T-Gated Adapter: A Lightweight Temporal Adapter for Vision-Language Medical Segmentation
2026-04-09 • Computer Vision and Pattern Recognition
Computer Vision and Pattern Recognition
AI summaryⓘ
The authors address the problem of medical image segmentation, which usually requires expensive detailed labels from experts. They use Vision Language Models (VLMs) that understand images but improve them by adding context from nearby slices in 3D scans to make the results more accurate and realistic. Their method combines information across slices and within slices and adjusts how much of each to use. Tested on several datasets, it shows better accuracy and generalizes well even to different imaging types, outperforming some fully supervised methods. This suggests their approach helps models use information more effectively across medical images.
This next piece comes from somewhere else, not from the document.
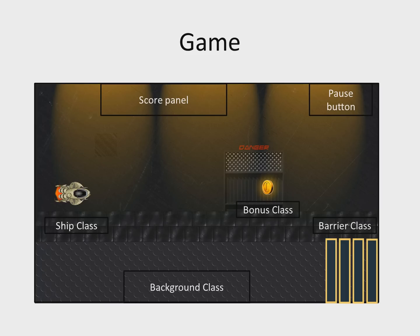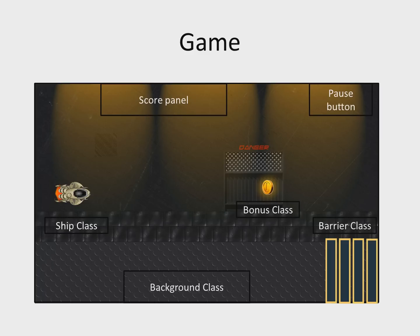To implement the gameplay, we should bring in the ship class, bonus class, barrier class, and background class into play. Now let's take a look at the resources we will use in our application.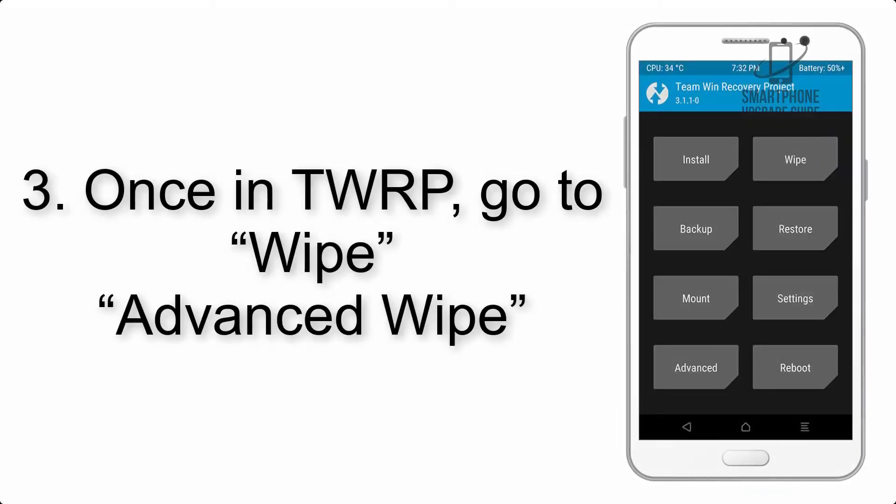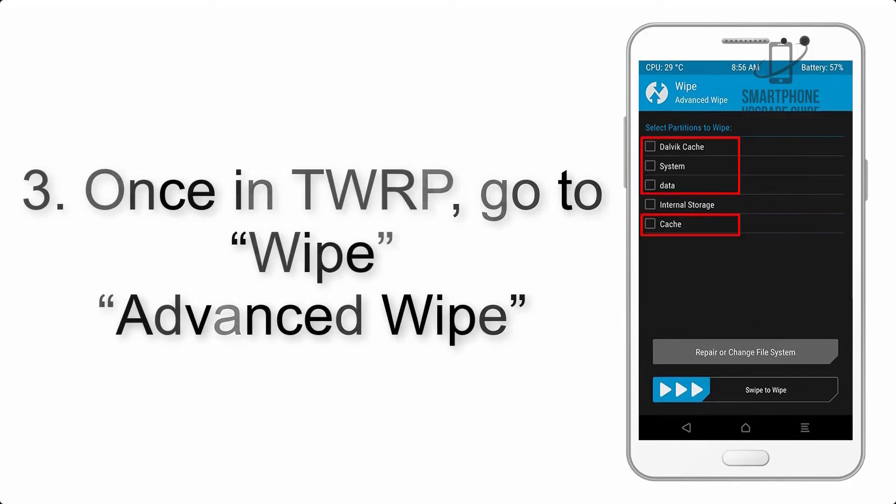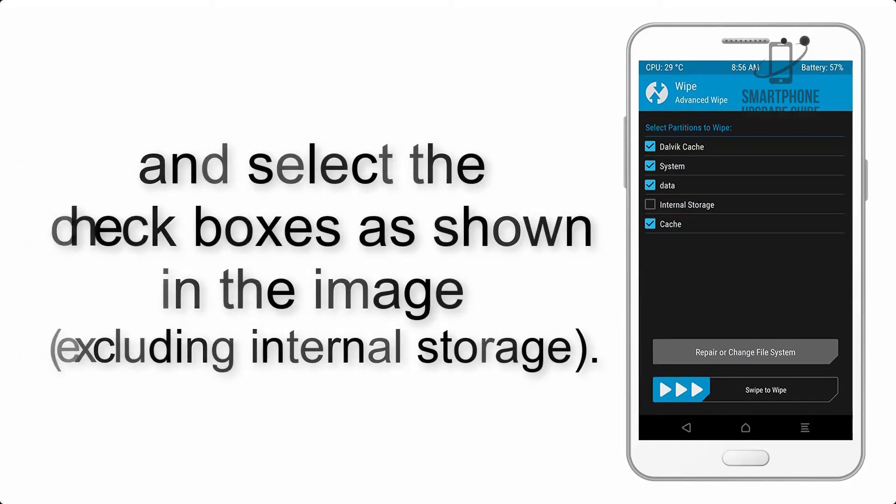Once in TWRP, click on Wipe, Advanced Wipe, and select the checkboxes as shown in the image, excluding internal storage.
Medical Image SegmentationVision Language Models (VLMs)3D Medical ImagingTemporal TransformerDice ScoreCross-Domain GeneralizationCross-Modality EvaluationCLIP ModelConvolutional Neural NetworksAdaptive Gating
Authors
Pranjal Khadka
Abstract
Medical image segmentation traditionally relies on fully supervised 3D architectures that demand a large amount of dense, voxel-level annotations from clinical experts which is a prohibitively expensive process. Vision Language Models (VLMs) offer a powerful alternative by leveraging broad visual semantic representations learned from billions of images. However, when applied independently to 2D slices of a 3D scan, these models often produce noisy and anatomically implausible segmentations that violate the inherent continuity of anatomical structures. We propose a temporal adapter that addresses this by injecting adjacent-slice context directly into the model's visual token representations. The adapter comprises a temporal transformer attending across a fixed context window at the token level, a spatial context block refining within-slice representations, and an adaptive gate balancing temporal and single-slice features. Training on 30 labeled volumes from the FLARE22 dataset, our method achieves a mean Dice of 0.704 across 13 abdominal organs with a gain of +0.206 over the baseline VLM trained with no temporal context. Zero-shot evaluation on BTCV and AMOS22 datasets yields consistent improvements of +0.210 and +0.230, with the average cross-domain performance drop reducing from 38.0% to 24.9%. Furthermore, in a cross-modality evaluation on AMOS22 MRI with neither model receiving any MRI supervision, our method achieves a mean Dice of 0.366, outperforming a fully supervised 3D baseline (DynUNet, 0.224) trained exclusively on CT, suggesting that CLIP's visual semantic representations generalize more gracefully across imaging modalities than convolutional features.